Lithuanian Ambassador to Israel explains how foregin diplomats from Japan and the Netherlands helped to save Jewish lives during the holocaust.
(photo credit: SHAY ZAVDI)
The American Jewish Committee brought together ambassadors from Lithuania, Belgium and Sweden to Jerusalem, where on Monday night they explained how their countries’ diplomatic teams helped save thousands of Jewish lives during the Holocaust.
The Jerusalem Report Editor-In-Chief Steve Linde moderated their panel discussion at the fourth annual AJC event ahead of Holocaust Remembrance day on Thursday.
Lithuanian Ambassador to Israel Edminas Bagdonas opened the discussion by holding up a map of Lithuania and explaining that during the Holocaust, “85% of Lithuania’s Jews were killed in brutal ways.”
In contrast to the lives lost, Bagdonas recounted how in 1939, Japanese ambassador Chiune Sugihara and Dutch ambassador Jan Zwartendijk, both of whom were based in Lithuania, saved at least 2,000 Jewish lives by simply issuing visas and travel documents to their countries.

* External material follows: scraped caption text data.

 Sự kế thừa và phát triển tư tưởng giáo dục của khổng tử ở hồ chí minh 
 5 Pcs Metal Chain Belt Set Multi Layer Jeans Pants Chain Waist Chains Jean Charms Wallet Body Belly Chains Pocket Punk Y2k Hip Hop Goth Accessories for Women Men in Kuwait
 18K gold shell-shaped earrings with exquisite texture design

“By getting a visa to Japan, Lithuanian Jews were able to travel to Moscow by train,” he explained.
“From there, Vladivostok, [from] where it was a relatively short trip to Japan, [and] from Japan, South America or the United States.”
“In two weeks [after the Nazis occupied Belgium],” said Belgian Ambassador to Israel Olivier Belle, “the world fell apart.”

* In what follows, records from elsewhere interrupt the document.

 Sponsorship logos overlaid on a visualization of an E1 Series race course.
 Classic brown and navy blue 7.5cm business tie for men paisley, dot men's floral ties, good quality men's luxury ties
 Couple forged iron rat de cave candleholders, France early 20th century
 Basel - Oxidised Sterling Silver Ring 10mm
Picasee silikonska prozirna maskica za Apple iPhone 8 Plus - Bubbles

While Belle lamented that his country did not do enough to save its Jews, he did offer one story of how British ambassadors issued visas that permitted travel not only to the United Kingdom but also to Switzerland.
In 2000, then-prime minister Guy Verhofstadt took responsibility for Belgium’s role in the Holocaust. “There were mistakes made,” Belle said.
“And it made us confront the Holocaust and not to hide, and to share this association with the international community” Magnus Hellgren of Sweden reminded the audience of Swedish diplomat Raoul Wallenberg’s work in Nazi-occupied Hungary that saved tens of thousands of Jews.
“It was quite unusual to send a diplomat to a country and tell him he could do anything to save lives,” he said.
“He was not abiding by the rulebook of diplomacy. Wallenberg had a lot of money.
And a lot of it came from the Joint Distribution Committee, and he had free reign to do what he needed to do to save lives.”
In order not to overshadow others who helped, Hegren noted, “There are about 30,000 Righteous Among the Nations recognized by Yad Vashem, 60 of these are diplomats and six of them are from Sweden.”